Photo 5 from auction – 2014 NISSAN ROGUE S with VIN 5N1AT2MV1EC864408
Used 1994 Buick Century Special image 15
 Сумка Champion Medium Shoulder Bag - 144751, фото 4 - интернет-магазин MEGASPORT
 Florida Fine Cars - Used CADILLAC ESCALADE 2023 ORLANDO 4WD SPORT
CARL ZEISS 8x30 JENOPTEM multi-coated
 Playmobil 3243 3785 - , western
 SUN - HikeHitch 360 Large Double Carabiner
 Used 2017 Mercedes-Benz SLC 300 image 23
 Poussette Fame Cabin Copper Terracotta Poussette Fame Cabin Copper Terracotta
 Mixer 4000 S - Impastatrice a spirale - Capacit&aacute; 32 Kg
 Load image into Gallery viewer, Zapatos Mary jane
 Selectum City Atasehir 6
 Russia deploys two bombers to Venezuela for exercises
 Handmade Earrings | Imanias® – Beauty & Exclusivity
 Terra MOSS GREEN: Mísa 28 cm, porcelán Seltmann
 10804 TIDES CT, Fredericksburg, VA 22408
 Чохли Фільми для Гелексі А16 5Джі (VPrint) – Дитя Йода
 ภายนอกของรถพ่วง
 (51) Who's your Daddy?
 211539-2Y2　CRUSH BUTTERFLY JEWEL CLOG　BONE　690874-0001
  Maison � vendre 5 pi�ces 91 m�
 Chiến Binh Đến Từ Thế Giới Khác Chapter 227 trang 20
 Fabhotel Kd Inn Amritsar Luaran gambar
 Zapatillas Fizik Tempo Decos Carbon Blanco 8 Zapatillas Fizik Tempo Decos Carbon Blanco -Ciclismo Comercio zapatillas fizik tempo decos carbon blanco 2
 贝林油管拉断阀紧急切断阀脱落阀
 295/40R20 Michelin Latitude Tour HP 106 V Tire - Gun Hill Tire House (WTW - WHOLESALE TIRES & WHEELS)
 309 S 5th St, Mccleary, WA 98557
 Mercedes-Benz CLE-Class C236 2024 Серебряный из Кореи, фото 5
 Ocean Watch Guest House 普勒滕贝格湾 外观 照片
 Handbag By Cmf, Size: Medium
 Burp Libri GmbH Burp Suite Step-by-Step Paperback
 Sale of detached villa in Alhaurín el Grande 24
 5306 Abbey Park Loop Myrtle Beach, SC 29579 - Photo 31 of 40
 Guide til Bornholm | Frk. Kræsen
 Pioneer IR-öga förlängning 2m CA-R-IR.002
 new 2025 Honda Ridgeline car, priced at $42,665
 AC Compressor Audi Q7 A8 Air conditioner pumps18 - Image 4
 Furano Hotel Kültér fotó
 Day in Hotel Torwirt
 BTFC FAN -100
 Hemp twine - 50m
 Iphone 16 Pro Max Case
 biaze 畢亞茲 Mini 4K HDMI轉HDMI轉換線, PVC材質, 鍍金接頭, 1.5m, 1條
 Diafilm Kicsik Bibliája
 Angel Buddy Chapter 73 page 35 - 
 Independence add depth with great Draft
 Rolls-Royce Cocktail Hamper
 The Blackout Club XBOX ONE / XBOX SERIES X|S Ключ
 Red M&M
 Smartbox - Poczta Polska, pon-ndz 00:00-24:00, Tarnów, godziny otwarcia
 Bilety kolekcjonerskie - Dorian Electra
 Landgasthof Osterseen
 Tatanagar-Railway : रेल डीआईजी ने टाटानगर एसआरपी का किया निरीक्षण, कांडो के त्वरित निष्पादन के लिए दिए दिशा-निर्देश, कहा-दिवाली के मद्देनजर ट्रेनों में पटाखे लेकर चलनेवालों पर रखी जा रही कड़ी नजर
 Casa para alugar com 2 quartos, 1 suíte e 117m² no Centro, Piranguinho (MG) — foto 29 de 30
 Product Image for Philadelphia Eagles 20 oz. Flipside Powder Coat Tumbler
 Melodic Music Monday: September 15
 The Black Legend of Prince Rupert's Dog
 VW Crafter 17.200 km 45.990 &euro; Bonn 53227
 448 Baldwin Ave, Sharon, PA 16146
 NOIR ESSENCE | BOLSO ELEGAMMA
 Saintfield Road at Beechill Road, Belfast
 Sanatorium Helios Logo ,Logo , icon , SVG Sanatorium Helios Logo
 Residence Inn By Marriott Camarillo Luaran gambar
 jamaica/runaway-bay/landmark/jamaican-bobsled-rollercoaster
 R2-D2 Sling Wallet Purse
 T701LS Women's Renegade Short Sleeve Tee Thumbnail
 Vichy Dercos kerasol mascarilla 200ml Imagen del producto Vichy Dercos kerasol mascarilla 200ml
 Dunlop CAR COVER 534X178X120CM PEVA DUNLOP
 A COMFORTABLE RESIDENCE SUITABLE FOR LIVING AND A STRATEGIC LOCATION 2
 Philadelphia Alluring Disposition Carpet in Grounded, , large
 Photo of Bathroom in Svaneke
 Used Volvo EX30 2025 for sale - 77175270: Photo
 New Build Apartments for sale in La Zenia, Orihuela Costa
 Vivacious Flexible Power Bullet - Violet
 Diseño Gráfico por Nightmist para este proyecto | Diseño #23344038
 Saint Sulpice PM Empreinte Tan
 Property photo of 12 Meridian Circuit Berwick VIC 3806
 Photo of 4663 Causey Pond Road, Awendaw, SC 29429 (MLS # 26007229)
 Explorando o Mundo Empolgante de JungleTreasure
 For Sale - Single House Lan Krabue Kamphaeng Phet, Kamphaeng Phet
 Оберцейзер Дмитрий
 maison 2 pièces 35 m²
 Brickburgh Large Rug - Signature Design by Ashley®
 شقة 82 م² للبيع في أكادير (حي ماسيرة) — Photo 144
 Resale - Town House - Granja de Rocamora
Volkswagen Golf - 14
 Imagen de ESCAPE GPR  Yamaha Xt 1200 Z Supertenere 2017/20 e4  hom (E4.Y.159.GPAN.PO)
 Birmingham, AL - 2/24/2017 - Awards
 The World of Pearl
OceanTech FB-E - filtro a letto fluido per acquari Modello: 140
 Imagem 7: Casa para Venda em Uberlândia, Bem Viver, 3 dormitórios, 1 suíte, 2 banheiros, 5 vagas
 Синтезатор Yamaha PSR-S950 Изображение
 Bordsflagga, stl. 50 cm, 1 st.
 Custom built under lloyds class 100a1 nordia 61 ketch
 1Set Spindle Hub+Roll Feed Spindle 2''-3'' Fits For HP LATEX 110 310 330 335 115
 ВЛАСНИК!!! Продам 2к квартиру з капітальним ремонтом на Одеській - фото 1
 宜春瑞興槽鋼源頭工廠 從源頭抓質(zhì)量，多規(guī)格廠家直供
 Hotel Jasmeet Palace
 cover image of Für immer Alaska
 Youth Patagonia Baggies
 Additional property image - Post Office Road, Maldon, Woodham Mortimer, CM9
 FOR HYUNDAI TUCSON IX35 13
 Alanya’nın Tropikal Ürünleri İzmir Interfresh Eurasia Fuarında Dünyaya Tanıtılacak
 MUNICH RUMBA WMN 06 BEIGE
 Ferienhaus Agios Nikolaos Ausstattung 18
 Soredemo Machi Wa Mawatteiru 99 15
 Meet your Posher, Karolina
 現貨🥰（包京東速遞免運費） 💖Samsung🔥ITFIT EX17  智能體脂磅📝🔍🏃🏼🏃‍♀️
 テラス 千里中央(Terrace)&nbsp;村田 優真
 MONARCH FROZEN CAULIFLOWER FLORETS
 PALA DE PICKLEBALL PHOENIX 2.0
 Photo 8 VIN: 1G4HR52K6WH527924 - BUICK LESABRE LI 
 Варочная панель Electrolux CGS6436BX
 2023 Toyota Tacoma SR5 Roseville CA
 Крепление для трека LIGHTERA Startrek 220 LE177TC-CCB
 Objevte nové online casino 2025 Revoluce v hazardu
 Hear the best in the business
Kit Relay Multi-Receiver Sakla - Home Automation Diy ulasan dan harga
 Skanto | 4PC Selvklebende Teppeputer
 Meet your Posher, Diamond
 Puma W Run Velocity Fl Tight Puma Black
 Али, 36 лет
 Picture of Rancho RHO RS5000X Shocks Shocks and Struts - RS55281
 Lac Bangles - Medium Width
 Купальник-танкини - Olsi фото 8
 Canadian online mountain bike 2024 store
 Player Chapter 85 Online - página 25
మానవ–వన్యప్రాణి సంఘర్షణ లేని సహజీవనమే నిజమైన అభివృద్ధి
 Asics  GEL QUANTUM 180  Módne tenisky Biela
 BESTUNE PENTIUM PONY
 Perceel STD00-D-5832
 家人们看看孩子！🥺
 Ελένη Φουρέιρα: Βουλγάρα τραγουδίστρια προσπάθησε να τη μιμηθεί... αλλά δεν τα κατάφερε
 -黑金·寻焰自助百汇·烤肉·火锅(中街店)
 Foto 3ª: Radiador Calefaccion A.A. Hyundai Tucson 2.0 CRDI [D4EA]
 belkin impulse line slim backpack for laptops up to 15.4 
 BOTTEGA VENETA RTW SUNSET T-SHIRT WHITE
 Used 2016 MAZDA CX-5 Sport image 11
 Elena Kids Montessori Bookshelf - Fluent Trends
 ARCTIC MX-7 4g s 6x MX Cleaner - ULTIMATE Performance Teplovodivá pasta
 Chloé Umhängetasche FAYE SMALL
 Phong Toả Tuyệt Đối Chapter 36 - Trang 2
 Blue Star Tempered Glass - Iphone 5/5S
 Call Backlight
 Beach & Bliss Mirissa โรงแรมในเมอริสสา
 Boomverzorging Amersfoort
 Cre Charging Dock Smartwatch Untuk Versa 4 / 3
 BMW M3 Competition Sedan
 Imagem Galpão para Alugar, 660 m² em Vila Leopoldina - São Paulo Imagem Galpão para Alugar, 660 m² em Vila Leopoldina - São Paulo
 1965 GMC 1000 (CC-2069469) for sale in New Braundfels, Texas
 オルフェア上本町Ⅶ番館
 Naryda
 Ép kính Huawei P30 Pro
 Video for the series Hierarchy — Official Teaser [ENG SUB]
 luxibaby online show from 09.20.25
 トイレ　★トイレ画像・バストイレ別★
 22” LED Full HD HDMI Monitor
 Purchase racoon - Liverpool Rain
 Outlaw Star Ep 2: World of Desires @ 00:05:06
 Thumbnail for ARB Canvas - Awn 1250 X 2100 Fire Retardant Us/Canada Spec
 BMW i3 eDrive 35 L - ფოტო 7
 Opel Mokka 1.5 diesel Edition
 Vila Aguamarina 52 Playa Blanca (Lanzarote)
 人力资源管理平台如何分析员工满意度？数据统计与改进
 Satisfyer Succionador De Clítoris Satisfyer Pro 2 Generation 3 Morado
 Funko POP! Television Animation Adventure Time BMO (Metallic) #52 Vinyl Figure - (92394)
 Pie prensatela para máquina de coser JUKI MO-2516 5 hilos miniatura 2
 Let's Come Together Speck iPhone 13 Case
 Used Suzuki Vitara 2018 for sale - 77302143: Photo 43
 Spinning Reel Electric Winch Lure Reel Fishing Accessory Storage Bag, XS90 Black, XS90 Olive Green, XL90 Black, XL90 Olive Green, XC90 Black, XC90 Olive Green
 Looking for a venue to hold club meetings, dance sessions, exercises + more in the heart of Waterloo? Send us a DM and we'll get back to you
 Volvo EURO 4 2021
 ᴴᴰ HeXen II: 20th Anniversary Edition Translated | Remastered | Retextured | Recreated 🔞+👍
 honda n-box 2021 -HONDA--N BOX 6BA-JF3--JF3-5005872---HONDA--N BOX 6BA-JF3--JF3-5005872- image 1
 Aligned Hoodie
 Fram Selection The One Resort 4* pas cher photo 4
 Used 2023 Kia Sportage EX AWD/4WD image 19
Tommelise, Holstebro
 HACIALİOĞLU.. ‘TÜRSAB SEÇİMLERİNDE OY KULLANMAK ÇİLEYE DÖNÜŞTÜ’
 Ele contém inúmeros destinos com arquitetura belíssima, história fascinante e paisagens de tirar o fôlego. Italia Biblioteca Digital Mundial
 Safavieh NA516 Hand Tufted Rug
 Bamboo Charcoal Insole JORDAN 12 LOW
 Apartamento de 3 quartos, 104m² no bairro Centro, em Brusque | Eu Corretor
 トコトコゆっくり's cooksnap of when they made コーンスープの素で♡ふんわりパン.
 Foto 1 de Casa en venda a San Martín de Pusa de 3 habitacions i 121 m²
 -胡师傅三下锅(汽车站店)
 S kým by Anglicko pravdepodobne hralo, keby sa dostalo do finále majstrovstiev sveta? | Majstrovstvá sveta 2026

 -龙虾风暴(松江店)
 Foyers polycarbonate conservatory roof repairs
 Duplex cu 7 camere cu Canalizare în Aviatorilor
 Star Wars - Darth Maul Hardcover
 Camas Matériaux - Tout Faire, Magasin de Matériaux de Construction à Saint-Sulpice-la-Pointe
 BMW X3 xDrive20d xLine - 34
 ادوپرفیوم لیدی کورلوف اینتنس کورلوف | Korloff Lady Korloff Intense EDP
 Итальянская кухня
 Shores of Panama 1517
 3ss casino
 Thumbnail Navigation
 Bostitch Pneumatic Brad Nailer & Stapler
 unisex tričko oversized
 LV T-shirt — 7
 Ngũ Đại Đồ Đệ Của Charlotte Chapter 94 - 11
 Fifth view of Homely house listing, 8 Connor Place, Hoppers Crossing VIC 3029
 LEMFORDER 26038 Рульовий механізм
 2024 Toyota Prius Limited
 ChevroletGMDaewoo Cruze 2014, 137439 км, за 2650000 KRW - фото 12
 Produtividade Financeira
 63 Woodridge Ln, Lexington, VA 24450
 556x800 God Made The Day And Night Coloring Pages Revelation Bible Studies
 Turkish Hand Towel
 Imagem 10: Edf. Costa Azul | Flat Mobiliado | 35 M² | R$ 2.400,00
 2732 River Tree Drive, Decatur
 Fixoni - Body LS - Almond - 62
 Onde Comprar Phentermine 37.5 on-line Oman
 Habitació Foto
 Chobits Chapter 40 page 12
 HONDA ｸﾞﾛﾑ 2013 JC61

▶ _REQUIRED WORK_: Set down exactly the lines from the opening line of the material through the line in which "CARL ZEISS 8x30 JENOPTEM multi-coated" occurs, both included, and no other lines.

▶ _TASK RESULT_:
Photo 5 from auction – 2014 NISSAN ROGUE S with VIN 5N1AT2MV1EC864408
Used 1994 Buick Century Special image 15
 Сумка Champion Medium Shoulder Bag - 144751, фото 4 - интернет-магазин MEGASPORT
 Florida Fine Cars - Used CADILLAC ESCALADE 2023 ORLANDO 4WD SPORT
CARL ZEISS 8x30 JENOPTEM multi-coated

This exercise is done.